Capacity expansion and exponential growth. Phase one of the Dhule facility has been partially commissioned with backward integration alongside the completed expansion at the starter unit. The balanced phase one capacity at the Dhule facility is expected to be commissioned before October 2026. These phase integrated tech functions is expected to generate 100% revenue growth over the current baseline. This will be followed by a further phase of expansion by October 2027 resulting in an additional 25% revenue off site. These phased expansions supported by backward integration are expected to enhance operational efficiency and provide strong medium term volume and profitability visibility.
Scaling towards leadership position. With ongoing expansion today, total capacity is expected to increase from 9 lakh metric tonne per annum to 1.56 million metric tonne per annum, supporting the Company’s vision to become India’s third largest private sector phosphatic fertilizer company.

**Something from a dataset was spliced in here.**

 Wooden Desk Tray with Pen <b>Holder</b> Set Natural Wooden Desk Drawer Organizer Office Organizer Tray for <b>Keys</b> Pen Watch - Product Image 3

Capital strength supporting growth. The Company’s upgraded credit rating strengthens its access to capital markets, supporting funding requirements for ongoing and planned capacity expansion.

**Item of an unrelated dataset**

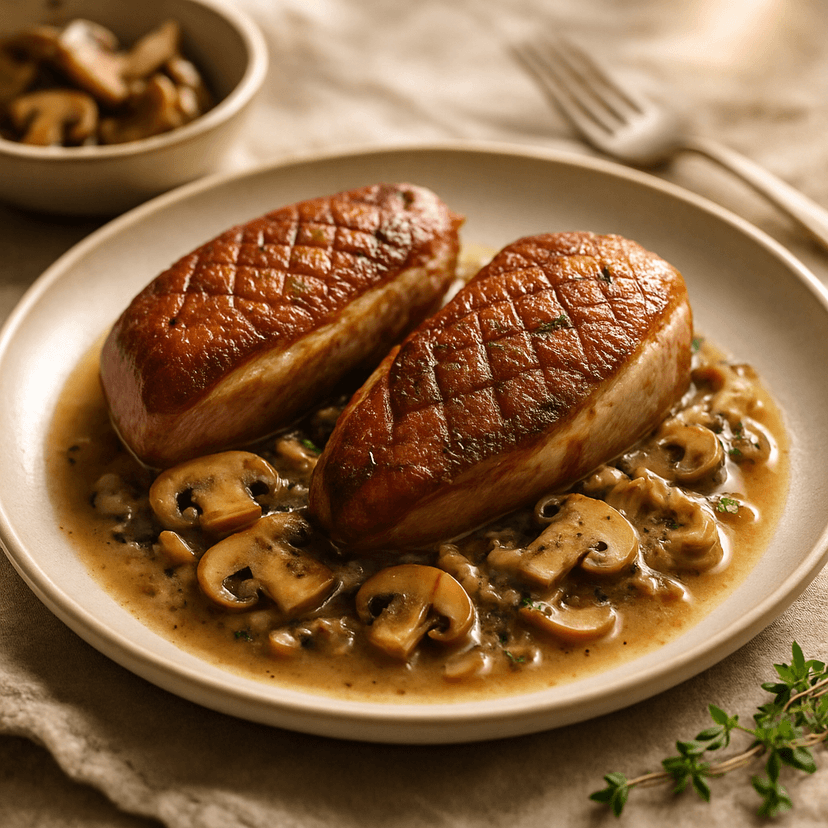 Savory Mushroom Pan Sauce for Duck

Green ammonia initiative. The Company has entered into an agreement for green ammonia and expected to commence after three years, strengthening input security while aligning with long term sustainability and cost optimization objectives.

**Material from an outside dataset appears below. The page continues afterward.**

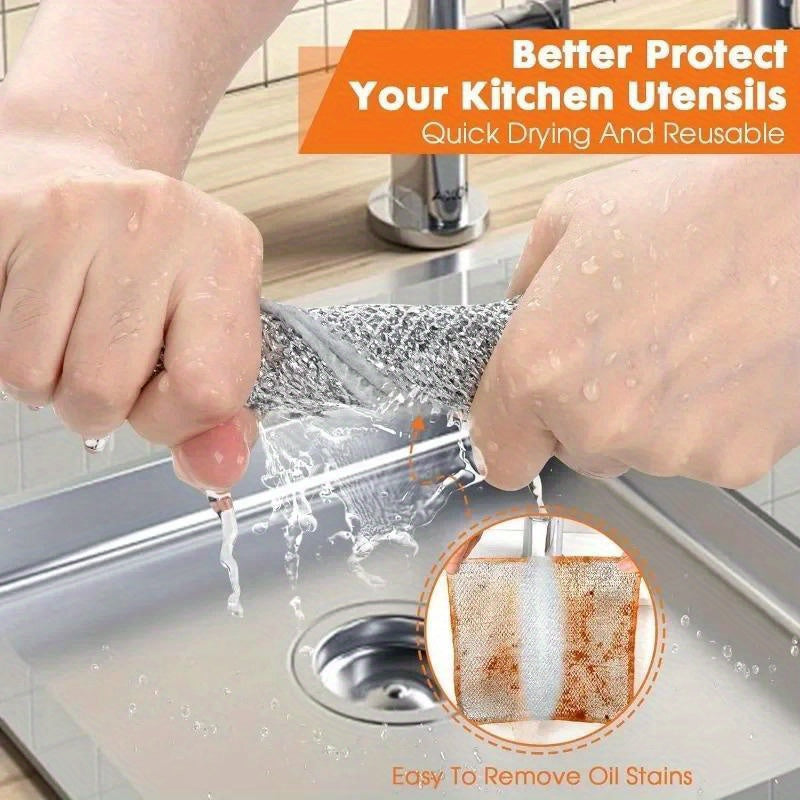 Reusable Non-Scratch Dish and Cookware Cleaning Sponges 30-Pack Microfiber and Steel Mesh Pads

Geographical diversification. With new capacities coming on stream, the Company is strengthening its presence in high growth certain markets and plans to establish a dedicated marketing office to enhance distribution reach and demand capture. In this context, the combination of favorable demand dynamics policies support expected restrained supply of imported fertilizer due to war and MBAPL’s ongoing capacity expansion, backward integration and a strategic initiative positions the Company primed to deliver sustainable growth while maintaining resilience against sectoral volatility.
Closing remarks. Ladies and gentlemen, MBAPL is a company in purposeful motion. We are scaling intelligently, integrating vertically, decarbonizing proactively and earning the trust of our financial stakeholders through consistent execution. India’s agriculture story is one of the most durable long-term growth narratives in the world. We are honored to be part of it and determined to be one of the best participants. On behalf of entire MBAPL team, I thank you for your continued confidence and partnership.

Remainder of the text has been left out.